Formulation of the claim
Sura Yusuf is read as expressing Muhammad’s experience and suffering in its social and cultural context.
Explanation
Arkoun opens Sura Yusuf onto a meaning that goes beyond the telling of the story to a broader significance connected to human and historical experience. For him, the sura is not understood merely as a narrative text, but as a domain in which Qur’anic discourse intersects with the conditions of the reality in which it was revealed.
From this perspective, the sura becomes an echo of Muhammad’s experience and suffering, not in the sense of reducing it to a personal biography, but insofar as the Qur’anic discourse becomes involved in the transformations of the surrounding society and culture. For this reason, the sura is used here as an example of the relationship between the text and living history.
Its place in the book’s argument
This atom falls within Arkoun’s attempt to read the Qur’an as a discourse with a historical and anthropological dimension, rather than as a text detached from the conditions of its formation. It comes close to theses that link the narrative structure in the Qur’an to the prophetic experience and to the social and cultural transformations that accompanied it.

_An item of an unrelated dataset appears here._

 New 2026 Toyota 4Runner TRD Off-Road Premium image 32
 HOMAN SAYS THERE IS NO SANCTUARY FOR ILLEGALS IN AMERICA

This reading also supports Arkoun’s tendency to uncover the layers of meaning stored in the text beyond direct moralizing or juristic interpretation. Thus Sura Yusuf here is not an isolated example, but part of a broader argument concerning the reconnection of the Qur’an to the history of its formation and to the experience that accompanied it.
Limits of the claim
This statement should not be burdened with the claim of a direct and simple equivalence between the sura and Muhammad’s personal experience. What is meant is closer to an interpretive reading that links the Qur’anic text to its historical and human context, without reducing the sura to an individual biography.